Further, referring to fig. 7 to 10, in this embodiment, the fiber storage box 24 may further include a cover 248, such that the cover 248 and the box body 246 form a cavity for accommodating the optical fiber 21, the fiber storage disk 247 is also accommodated in the cavity, the box body 246 and the cover 248 are provided with holes for the rotation shaft to pass through, a cylinder is disposed in the center of the fiber storage disk 247, the optical fibers 21 are wound on the cylinder layer by layer, in order to ensure the performance of the bent optical fiber 21, the radius of the cylinder is not less than 30mm, and the gap between the box body 246 and the fiber storage disk 247 is ensured as the width of one optical fiber 21. When the connecting member 22 together with the optical fiber 21 is drawn out from the fiber storage box 24, the optical fiber 21 can pull the fiber storage disk 247 to rotate clockwise, the fixing motor 2493 can also help to drive the fiber storage disk 247 to rotate, the optical fiber 21 coiled on the left side of the fiber storage disk 247 (i.e. the optical fiber 21 between the box body 246 and the fiber storage disk 247) is reduced, the optical fiber 21 coiled on the right side of the fiber storage disk 247 is increased, when the optical fiber 21 needs to be stored, the fixing motor 2493 drives the fiber storage disk 247 to rotate counterclockwise, the optical fiber 21 coiled on the left side of the fiber storage disk 247 is increased, and the optical fiber 21 coiled on the right side of the fiber storage disk 247 is reduced.

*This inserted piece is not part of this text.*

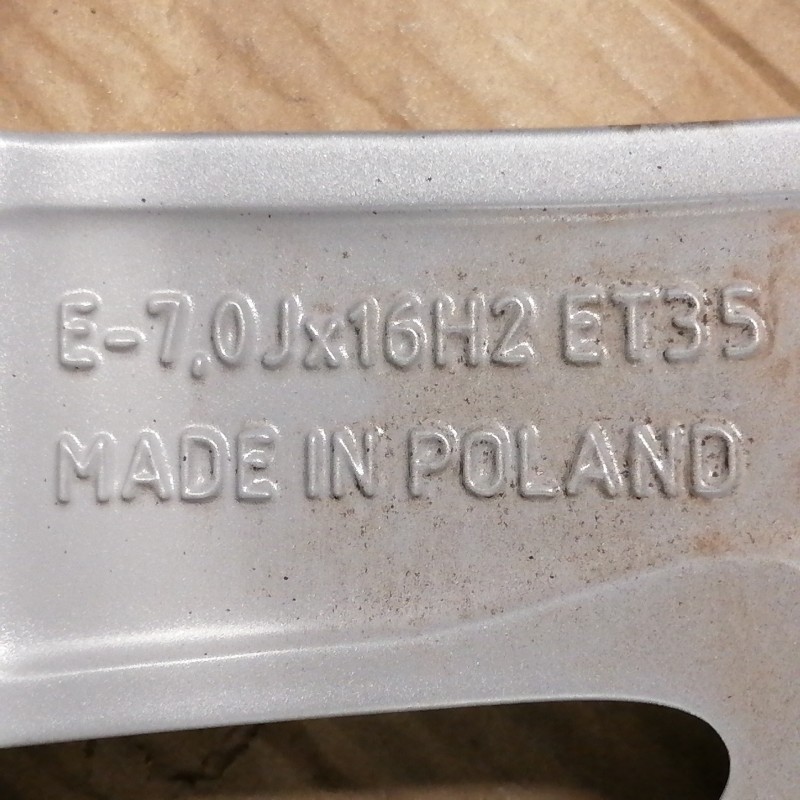 JUEGO DE LLANTAS ORIGINALES AUDI EN 16"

Referring to fig. 11 to 12, the optical fiber 21 may be a butterfly fiber 21 or a round fiber 21, and when the butterfly fiber 21 is used, the front end of the ferrule 23 matching the butterfly fiber 21 may be a UPC connector, and when the round fiber 21 is used, the front end of the ferrule 23 matching the round fiber 21 may be an APC connector. For a UPC connector, the front end of the ferrule 23 has no angular relation with the first plane 2251, and for an APC connector, the front end of the ferrule 23 has an inclination, so that the front end of the ferrule 23 has an angular relation with the first plane 2251, and the correct angle is ensured when the ferrule 23 is butted with other APC connectors.

Further, referring to fig. 14 and 15, the connecting member 22 may have an inner hole, the optical fiber 21 is inserted into the inner hole, the rear end of the ferrule 23 is provided with a fixing member 231, the fixing member 231 is preferably cylindrical, the fixing member 231 may be fixed in the inner hole of the connecting member 22, and the ferrule 23 is provided with a stepped surface at the front end of the fixing member 231 to be attached to the front end of the connecting member 22, so as to position the ferrule 23.

The embodiment of the invention also provides a control method of the device for realizing automatic optical fiber distribution, which comprises the following steps:

step 1: the electromechanical clamping component 4 is controlled to clamp the connecting piece 22, so that the connecting piece 22 and the electromechanical clamping component 4 are fixed relatively.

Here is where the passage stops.